Exploring HDFS

In this article by Tanmay Deshpande, the author of the book Hadoop Real World Solutions Cookbook- Second Edition, we'll cover the following recipes:

  • Loading data from a local machine to HDFS
  • Exporting HDFS data to a local machine
  • Changing the replication factor of an existing file in HDFS
  • Setting the HDFS block size for all the files in a cluster
  • Setting the HDFS block size for a specific file in a cluster
  • Enabling transparent encryption for HDFS
  • Importing data from another Hadoop cluster
  • Recycling deleted data from trash to HDFS
  • Saving compressed data in HDFS

Hadoop has two important components:

  • Storage: This includes HDFS
  • Processing: This includes Map Reduce

HDFS takes care of the storage part of Hadoop. So, let's explore the internals of HDFS through various recipes.

(For more resources related to this topic, see here.)

Loading data from a local machine to HDFS

In this recipe, we are going to load data from a local machine's disk to HDFS.

Getting ready

To perform this recipe, you should have an already Hadoop running cluster.

How to do it...

Performing this recipe is as simple as copying data from one folder to another. There are a couple of ways to copy data from the local machine to HDFS.

  • Using the copyFromLocal command

    To copy the file on HDFS, let's first create a directory on HDFS and then copy the file. Here are the commands to do this:

    hadoop fs -mkdir /mydir1
    hadoop fs -copyFromLocal /usr/local/hadoop/LICENSE.txt /mydir1
    
  • Using the put command

    We will first create the directory, and then put the local file in HDFS:

    hadoop fs -mkdir /mydir2
    hadoop fs -put /usr/local/hadoop/LICENSE.txt /mydir2
    

    You can validate that the files have been copied to the correct folders by listing the files:

    hadoop fs -ls /mydir1
    hadoop fs -ls /mydir2
    

How it works...

When you use HDFS copyFromLocal or the put command, the following things will occur:

  1. First of all, the HDFS client (the command prompt, in this case) contacts NameNode because it needs to copy the file to HDFS.
  2. NameNode then asks the client to break the file into chunks of different cluster block sizes. In Hadoop 2.X, the default block size is 128MB.
  3. Based on the capacity and availability of space in DataNodes, NameNode will decide where these blocks should be copied.
  4. Then, the client starts copying data to specified DataNodes for a specific block. The blocks are copied sequentially one after another.
  5. When a single block is copied, the block is sent to DataNode into packets that are 4MB in size. With each packet, a checksum is sent; once the packet copying is done, it is verified with checksum to check whether it matches. The packets are then sent to the next DataNode where the block will be replicated.
  6. The HDFS client's responsibility is to copy the data to only the first node; the replication is taken care by respective DataNode. Thus, the data block is pipelined from one DataNode to the next.
  7. When the block copying and replication is taking place, metadata on the file is updated in NameNode by DataNode.
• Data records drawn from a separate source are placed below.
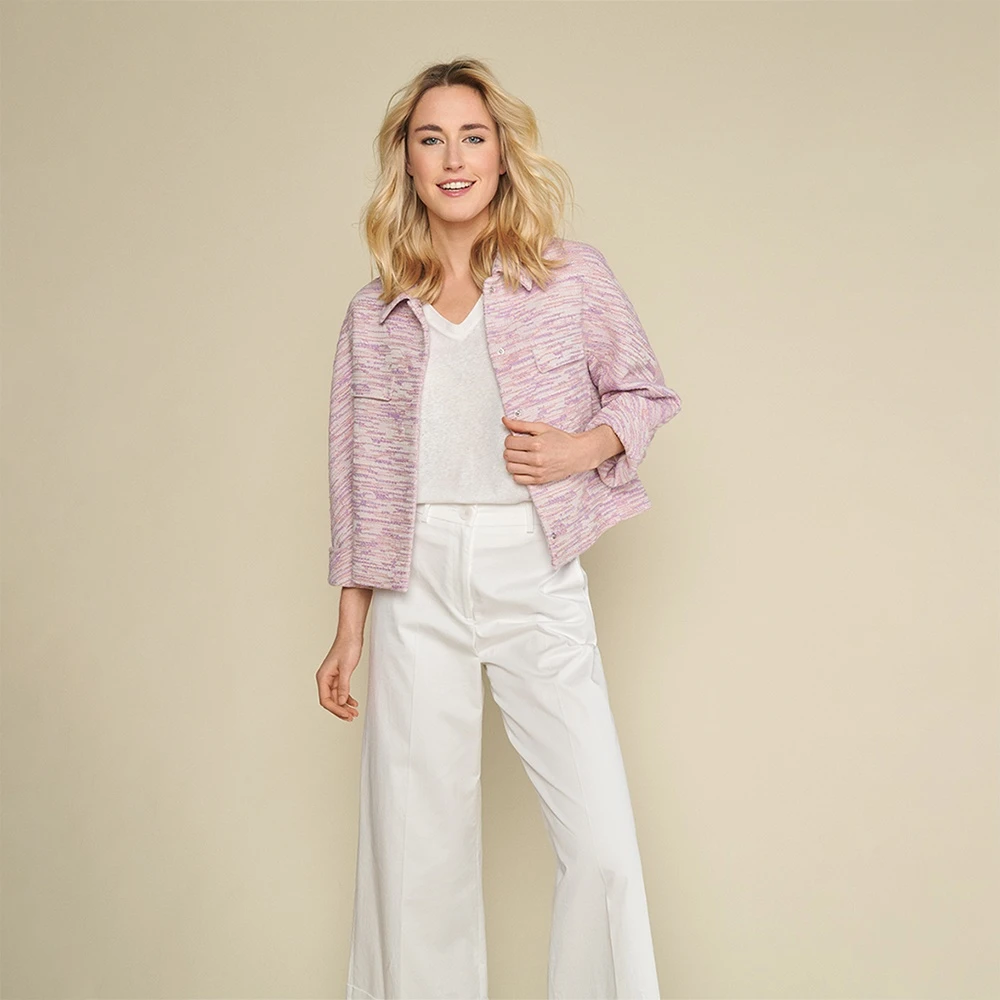 Marie Méro Stijlvolle Lila Oranje Lurex Jas Purple Dames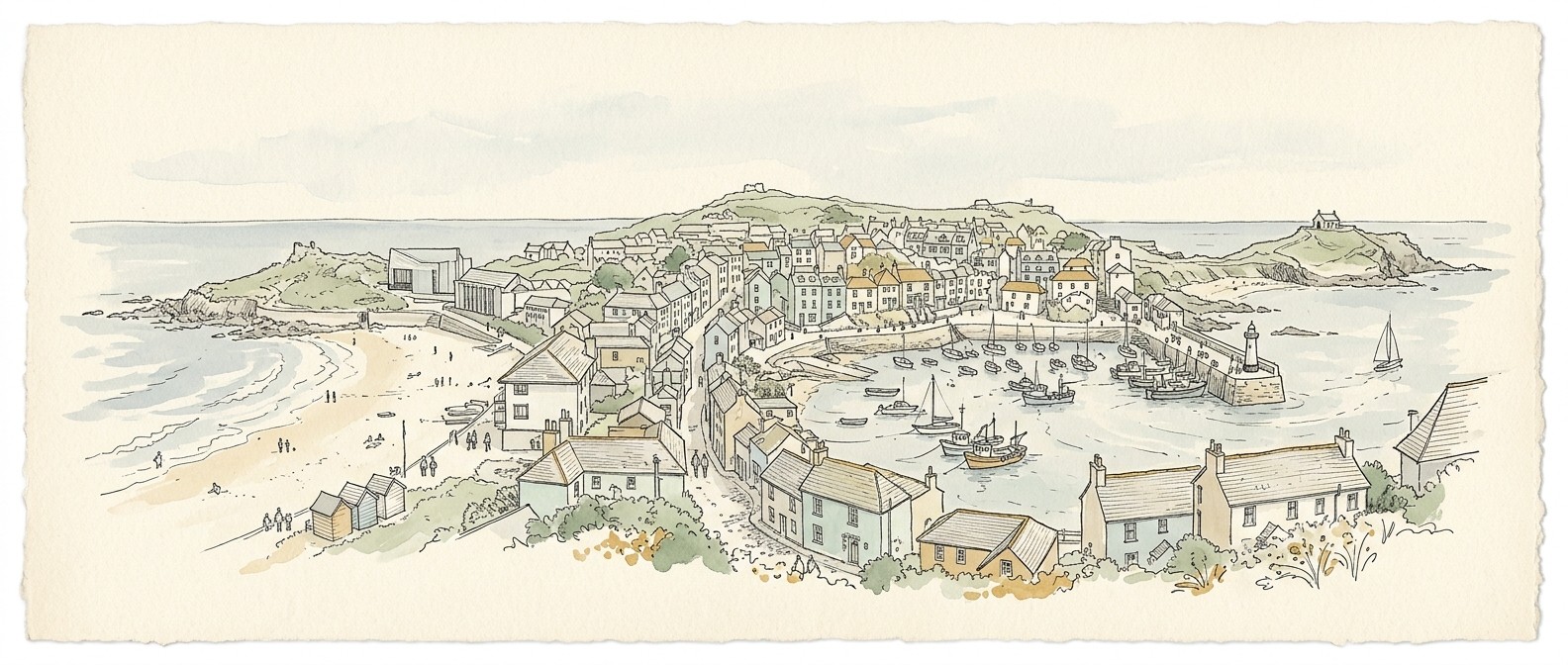 St Ives harbour panorama with boats and cottages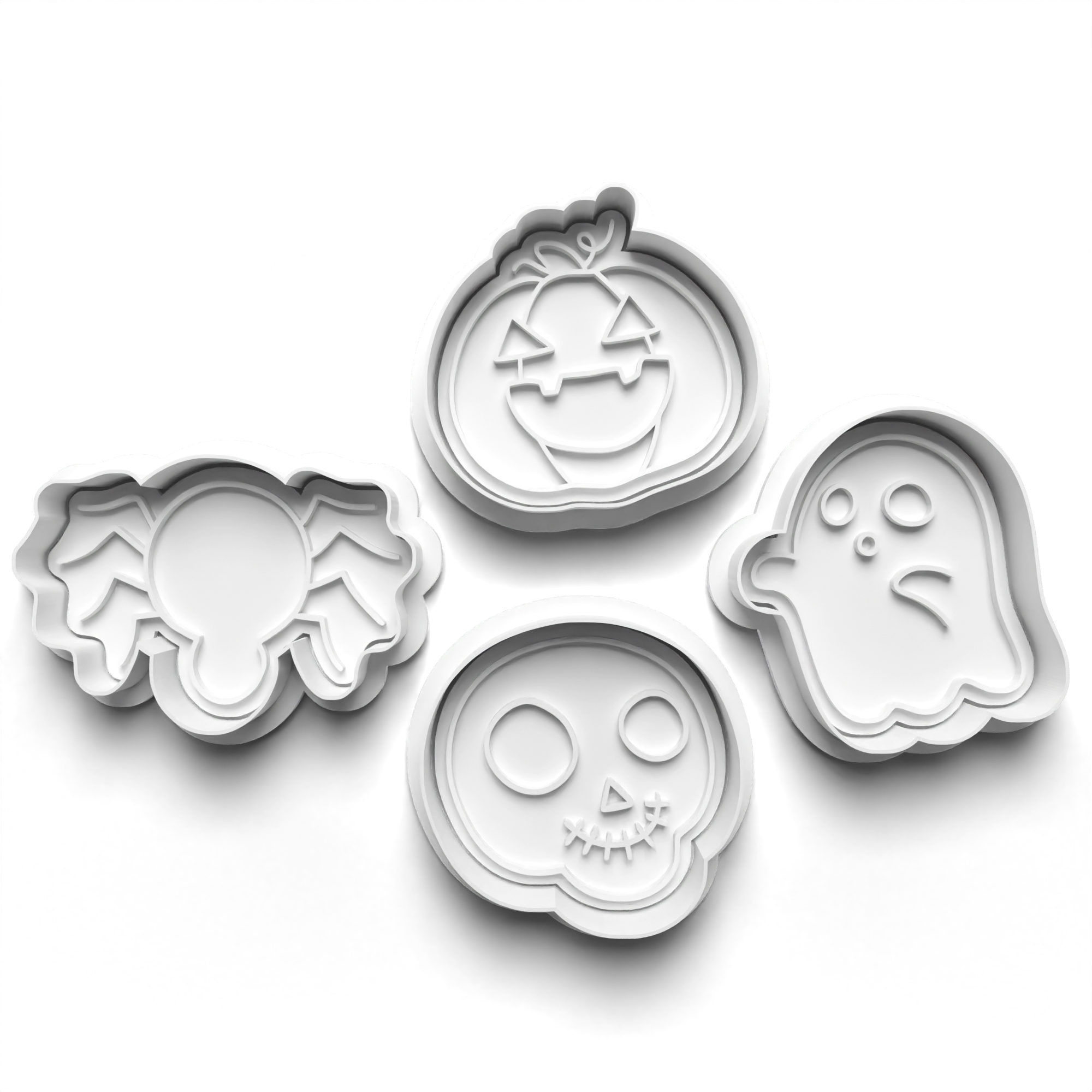 Halloween Set Cookie Cutters Set + Stamps for Baking, Cookies, Crafts 0439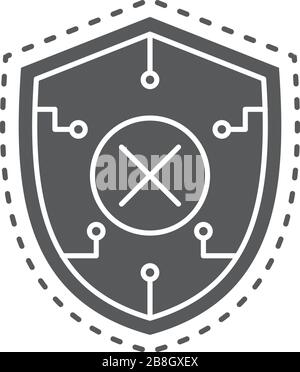 Blocked security shield vector icon isolated on white background Stock Vector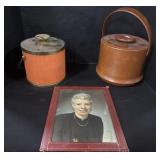 Framed Photo, Wooden Canister, Barware.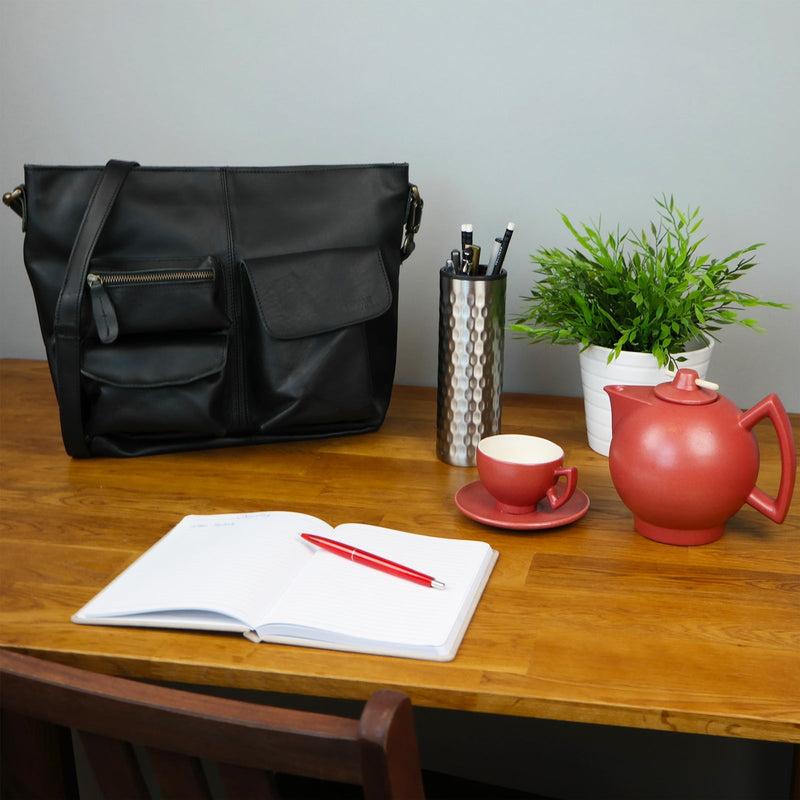 Leconi Schultertasche Umhängetasche Ledertasche Leder Schwarz LE0039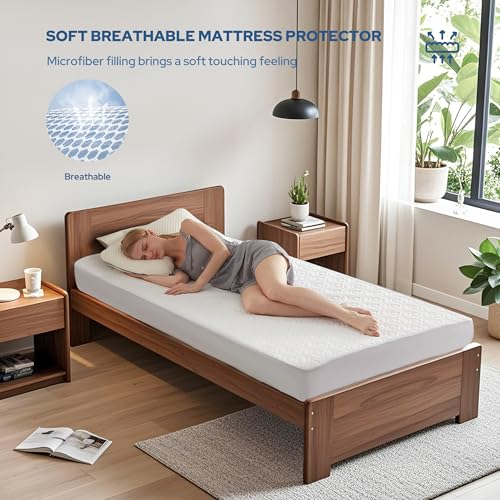 BEDLORE حامي مرتبة BEDLORE المقاوم للماء، وسادة مرتبة بحجم توين مع جيب عميق بعمق 6"-15"، غطاء مرتبة سرير مفرد ناعم وقابل للتنفس لغرفة النوم، غرفة النوم الجامعية (أبيض) - Image 3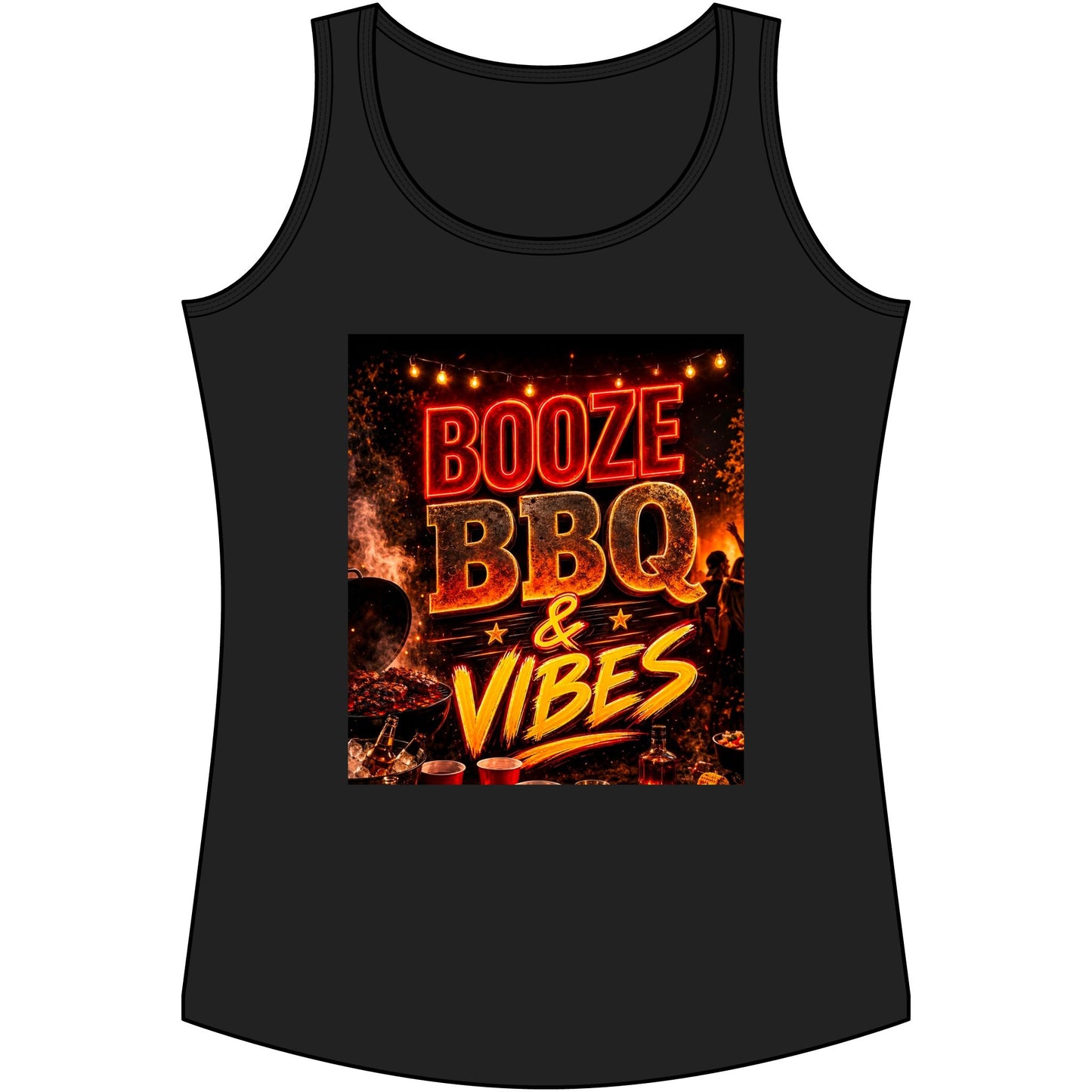 Booze BBQ & Vibes Tank Top — Women's Summer Grill Party Shirt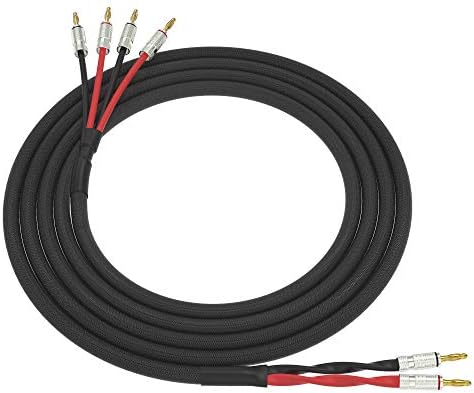 ChromaLeaf Canare 4S11 Bi-Wire Professional Audio Speaker Cable | 2 Bananas to 4 Bananas | Black Techflex | Premium Gold Plated Banana Plugs | 15 Feet | Assembled in The USA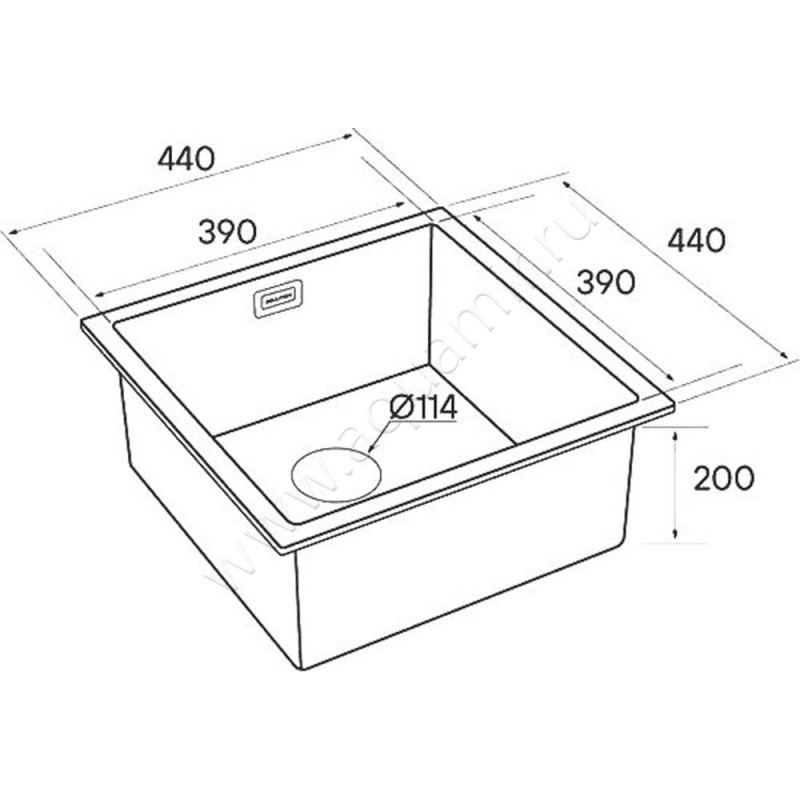Кухонная мойка Paulmark Gerberg PM214444-GM размеры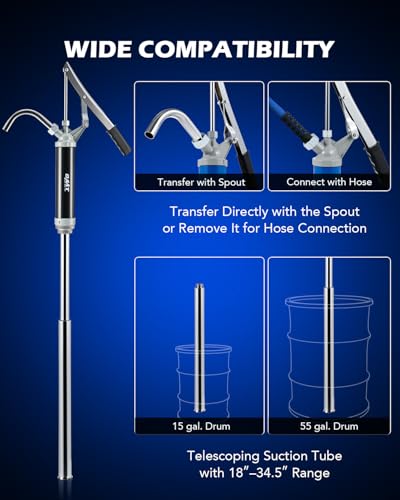 Image of OMT 55 Gallon Drum Pump, Lever Action Barrel Pump for 15 to 55 gal Drums | Heavy Duty Barrel Hand Pump with Telescoping Suction Tube Transferring Heating Oil, Motor Oil, Transmission Fluid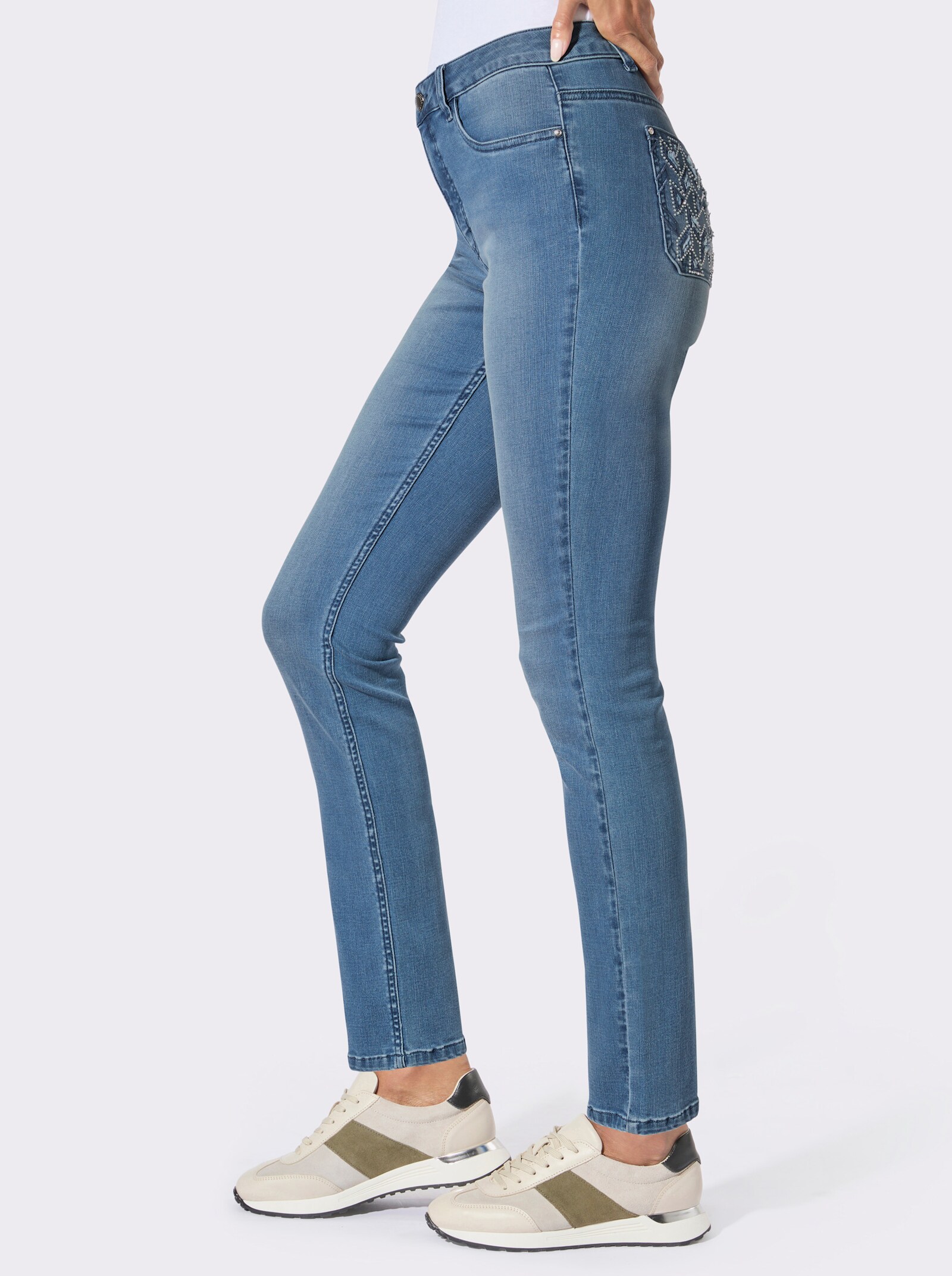 5-Pocket-Jeans mit Ziersteinchen - blue-bleached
Exporting data from HDFS to Local machine

In this recipe, we are going to export/copy data from HDFS to the local machine.

Getting ready

To perform this recipe, you should already have a running Hadoop cluster.

How to do it...

Performing this recipe is as simple as copying data from one folder to the other. There are a couple of ways in which you can export data from HDFS to the local machine.

  • Using the copyToLocal command, you'll get this code:
    hadoop fs -copyToLocal /mydir1/LICENSE.txt /home/ubuntu
  • Using the get command, you'll get this code:
    hadoop fs -get/mydir1/LICENSE.txt /home/ubuntu

How it works...

When you use HDFS copyToLocal or the get command, the following things occur:

  1. First of all, the client contacts NameNode because it needs a specific file in HDFS.
  2. NameNode then checks whether such a file exists in its FSImage. If the file is not present, the error code is returned to the client.
  3. If the file exists, NameNode checks the metadata for blocks and replica placements in DataNodes.
  4. NameNode then directly points DataNode from where the blocks would be given to client one by one. The data is directly copied from DataNode to the client machine. and it never goes through NameNode to avoid bottlenecks.
  5. Thus, the file is exported to the local machine from HDFS.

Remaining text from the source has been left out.